Processes were in place to assess, identify and care plan for people’s individual needs. This highlighted any specific needs people may have with accessing services, and guided staff to provide this support to people where needed.
Equity in experiences and outcomes
People were treated with respect regarding their equality characteristics. The registered managers and staff were aware of the importance of exploring people’s cultural needs. One person had expressed an interest in a specific religion, and this was included in their care plan. People spent their time how they chose, some going out on their own or with relatives and others choosing to spend time in communal areas and the garden or returning to their rooms. For people who chose to remain in their rooms most of the time, staff were aware to carry out regular checks to ensure they were ok.
The registered managers and staff understood the importance of treating people fairly, regardless of any cultural or health and social differences they had. Some people lived with dementia, and we observed staff supporting them appropriately. People responded positively to staff and seemed very happy and content to chat with staff when support was offered.
Processes were in place to ensure people’s views were sought and listened to. People were encouraged to share their views and be involved in the way their care was provided. People were asked to complete regular feedback and all comments were used to improve. For example, changes in the daily menu. We saw that most feedback was very positive, with only minor concerns raised which were addressed promptly.
Planning for the future
People felt involved in future planning and did not express any concerns. Recommended Summary Plan for Emergency Care and Treatment (ReSPECT) forms and Do not attempt cardiopulmonary resuscitation (DNACPR) forms were in place to document future wishes. We did discuss that some ReSPECT forms needed to be reviewed to ensure they remained relevant. The registered manager had already raised this with the GP surgery.

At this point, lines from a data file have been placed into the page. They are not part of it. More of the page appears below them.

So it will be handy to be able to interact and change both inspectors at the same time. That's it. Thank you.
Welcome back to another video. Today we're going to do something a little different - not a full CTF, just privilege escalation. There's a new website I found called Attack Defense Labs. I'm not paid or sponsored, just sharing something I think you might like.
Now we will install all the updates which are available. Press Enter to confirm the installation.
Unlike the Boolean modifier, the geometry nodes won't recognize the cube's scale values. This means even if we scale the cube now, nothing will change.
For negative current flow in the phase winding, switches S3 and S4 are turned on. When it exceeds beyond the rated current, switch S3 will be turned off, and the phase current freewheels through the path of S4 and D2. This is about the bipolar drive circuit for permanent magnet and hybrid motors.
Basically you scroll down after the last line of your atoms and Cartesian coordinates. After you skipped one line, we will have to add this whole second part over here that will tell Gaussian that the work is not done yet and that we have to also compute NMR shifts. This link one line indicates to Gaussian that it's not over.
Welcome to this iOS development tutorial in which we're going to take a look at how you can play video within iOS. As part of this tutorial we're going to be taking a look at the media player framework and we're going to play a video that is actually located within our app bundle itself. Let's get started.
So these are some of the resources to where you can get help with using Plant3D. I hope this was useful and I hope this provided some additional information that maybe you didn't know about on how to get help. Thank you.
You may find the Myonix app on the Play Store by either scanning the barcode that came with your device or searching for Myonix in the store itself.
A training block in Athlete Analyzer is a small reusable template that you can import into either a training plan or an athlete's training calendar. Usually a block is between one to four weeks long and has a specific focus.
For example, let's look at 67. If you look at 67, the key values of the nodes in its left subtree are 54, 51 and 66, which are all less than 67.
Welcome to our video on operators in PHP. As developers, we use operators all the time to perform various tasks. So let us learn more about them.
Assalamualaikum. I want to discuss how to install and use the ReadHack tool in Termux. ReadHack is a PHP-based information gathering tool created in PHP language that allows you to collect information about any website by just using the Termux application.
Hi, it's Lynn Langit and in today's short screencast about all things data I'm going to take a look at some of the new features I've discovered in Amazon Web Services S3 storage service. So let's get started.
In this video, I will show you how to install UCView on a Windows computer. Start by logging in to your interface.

Staff had a good awareness of people’s needs and wishes, including what they wanted for the future. There was no one in receipt of end-of-life care at the time of the assessment, however, staff felt able to support people at this stage of their life should it come. They also had good connection with external agencies, who could be contacted for support as and when required.
Processes were utilised to gather people’s future wishes from the point of moving into the home. The registered manager was clear that they would support people as long as possible but if it became inappropriate or unsafe, they would be supported to move on.